Work required: Give back the data below exactly as it was given.

= = = = = = =

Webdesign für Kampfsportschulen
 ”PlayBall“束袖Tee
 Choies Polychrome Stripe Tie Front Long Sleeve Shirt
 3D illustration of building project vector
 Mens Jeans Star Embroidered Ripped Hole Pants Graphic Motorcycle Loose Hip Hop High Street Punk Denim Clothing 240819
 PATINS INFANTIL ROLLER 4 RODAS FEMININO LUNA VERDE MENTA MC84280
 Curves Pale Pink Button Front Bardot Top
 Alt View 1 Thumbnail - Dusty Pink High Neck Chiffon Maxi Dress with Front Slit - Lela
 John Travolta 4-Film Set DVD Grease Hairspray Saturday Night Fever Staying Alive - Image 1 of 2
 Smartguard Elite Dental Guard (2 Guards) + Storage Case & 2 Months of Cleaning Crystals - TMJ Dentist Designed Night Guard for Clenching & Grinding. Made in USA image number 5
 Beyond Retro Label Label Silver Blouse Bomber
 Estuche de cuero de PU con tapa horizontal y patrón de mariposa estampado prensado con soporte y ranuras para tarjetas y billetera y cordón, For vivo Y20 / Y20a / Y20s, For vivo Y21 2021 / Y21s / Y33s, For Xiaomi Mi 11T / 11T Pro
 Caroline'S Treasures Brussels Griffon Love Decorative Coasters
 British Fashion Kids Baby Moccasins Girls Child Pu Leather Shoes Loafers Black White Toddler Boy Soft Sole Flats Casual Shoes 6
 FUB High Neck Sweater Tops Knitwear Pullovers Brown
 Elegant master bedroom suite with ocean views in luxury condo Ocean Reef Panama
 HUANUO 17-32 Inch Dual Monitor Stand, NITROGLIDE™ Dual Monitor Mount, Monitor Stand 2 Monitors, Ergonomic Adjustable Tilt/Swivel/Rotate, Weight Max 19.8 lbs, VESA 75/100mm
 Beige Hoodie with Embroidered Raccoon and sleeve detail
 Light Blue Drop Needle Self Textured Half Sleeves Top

= = = = = = =

Answer section:
Webdesign für Kampfsportschulen
 ”PlayBall“束袖Tee
 Choies Polychrome Stripe Tie Front Long Sleeve Shirt
 3D illustration of building project vector
 Mens Jeans Star Embroidered Ripped Hole Pants Graphic Motorcycle Loose Hip Hop High Street Punk Denim Clothing 240819
 PATINS INFANTIL ROLLER 4 RODAS FEMININO LUNA VERDE MENTA MC84280
 Curves Pale Pink Button Front Bardot Top
 Alt View 1 Thumbnail - Dusty Pink High Neck Chiffon Maxi Dress with Front Slit - Lela
 John Travolta 4-Film Set DVD Grease Hairspray Saturday Night Fever Staying Alive - Image 1 of 2
 Smartguard Elite Dental Guard (2 Guards) + Storage Case & 2 Months of Cleaning Crystals - TMJ Dentist Designed Night Guard for Clenching & Grinding. Made in USA image number 5
 Beyond Retro Label Label Silver Blouse Bomber
 Estuche de cuero de PU con tapa horizontal y patrón de mariposa estampado prensado con soporte y ranuras para tarjetas y billetera y cordón, For vivo Y20 / Y20a / Y20s, For vivo Y21 2021 / Y21s / Y33s, For Xiaomi Mi 11T / 11T Pro
 Caroline'S Treasures Brussels Griffon Love Decorative Coasters
 British Fashion Kids Baby Moccasins Girls Child Pu Leather Shoes Loafers Black White Toddler Boy Soft Sole Flats Casual Shoes 6
 FUB High Neck Sweater Tops Knitwear Pullovers Brown
 Elegant master bedroom suite with ocean views in luxury condo Ocean Reef Panama
 HUANUO 17-32 Inch Dual Monitor Stand, NITROGLIDE™ Dual Monitor Mount, Monitor Stand 2 Monitors, Ergonomic Adjustable Tilt/Swivel/Rotate, Weight Max 19.8 lbs, VESA 75/100mm
 Beige Hoodie with Embroidered Raccoon and sleeve detail
 Light Blue Drop Needle Self Textured Half Sleeves Top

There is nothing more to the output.